Caleb Everett, "Evidence for Direct Geographic Influences on Linguistic Sounds: The Case of Ejectives", PLoS ONE, 2013:
We examined the geographic coordinates and elevations of 567 language locations represented in a worldwide phonetic database. Languages with phonemic ejective consonants were found to occur closer to inhabitable regions of high elevation, when contrasted to languages without this class of sounds. In addition, the mean and median elevations of the locations of languages with ejectives were found to be comparatively high.
Sean Roberts does some of the statistical checks that Everett should have done and didn't ("Altitude and Ejectives: Hypotheses up in the air", replicated typo 6/13/2013), and the connection between altitude and ejectives hold up fairly well. Thus only two linguistic variables ( Order of Object and Verb and the Relationship between the Order of Object and Verb and the Order of Adjective and Noun) have a stronger connection with altitude than the ejectives feature (red vertical line) does:
In comparison, here's Sean's check on Keith Chen's association of the future-tense variable with savings rates ("Whorfian economics reconsidered: Residuals and Causal Graphs", 2/28/2013):
Still, the (presumably) spurious correlations of the two word-order variables with altitude remind us of the possibility for false findings here. Some past posts on similar issues from the same source: "Most important paper on cultural evolution that includes acacia trees published", 1/17/2013; "Spurious correlation bonanza to mark Replicated Typo 2.0 reaching 100,000 hits", 11/30/2011; and a published paper, Sean Roberts and James Winters, "Social Structure and Language Structure: The New Nomothetic Approach", Psychology of Language and Communication 2012.
Whether or not the altitude/ejective correlation reveals a causal connection, we can expect the near future to bring us a large number of spurious correlational analyses, along with a few meaningful ones. There are three reasons for this:
(1) The existence of digital datasets makes it increasingly easy to perform quantitative checks on hypotheses about possible relationships between linguistic and non-linguistic variables;
(2) The astronomically large number of such possible relationships guarantees that many of them should exhibit a strong pair-wise connection by chance, even if all of the distributions were statistically independent;
(3) The distributions are not statistically independent, due to factors such as cultural and geographical diffusion.

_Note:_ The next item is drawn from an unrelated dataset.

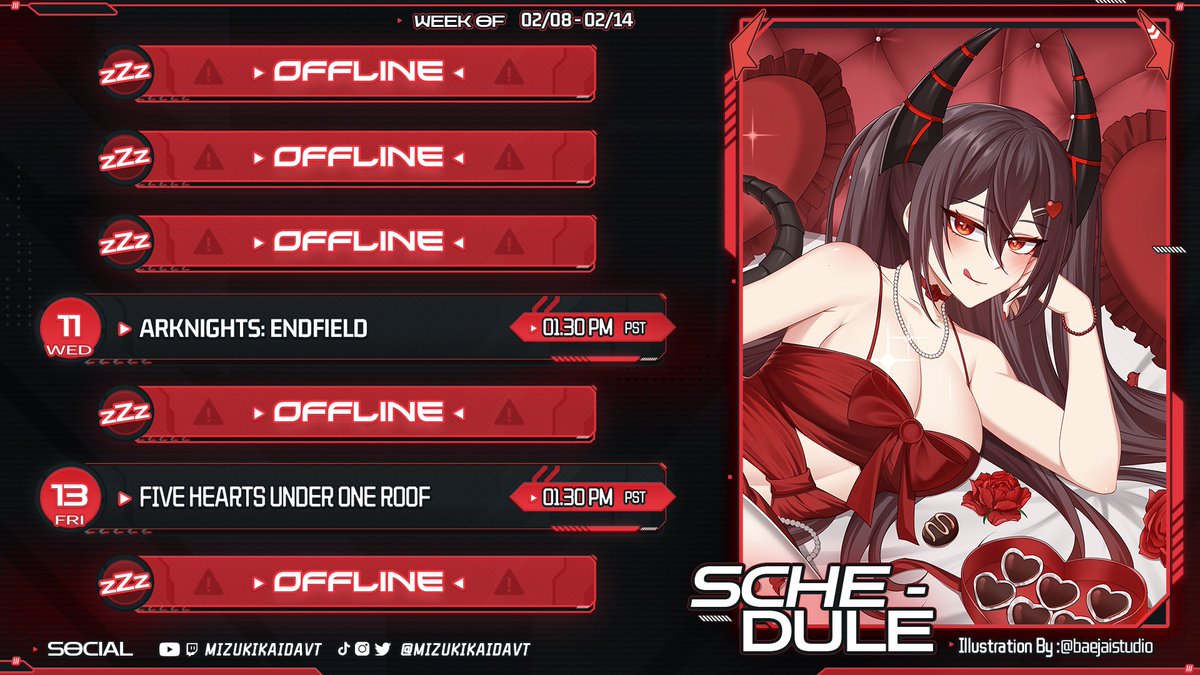 ⋆˚࿔ 02/08 - 02/14 SCHEDULE ⋆˚࿔

It’s the week of lovveeeee ♥️
I’m unfortunately busy majority of this week but let’s hang out on stream together!!

#vtuber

Note that the "file drawer effect" strongly undermines the often-made argument "But I/we made the hypothesis before we checked, we didn't just dredge for correlations and then try to explain them". The data-dredging (and the associated multiple comparisons) can (and do) occur across many unconnected investigations, with only the "significant" ones getting published.
As a result, responsible journal editors ought to insist on at least one simple thing: comparison of the asserted relationship with the full distribution of logically-possible relationships in the dataset(s) being analyzed. This check was absent from Everett's paper, but was supplied by Sean Roberts with a few minutes of work done while waiting for a plane in Singapore airport.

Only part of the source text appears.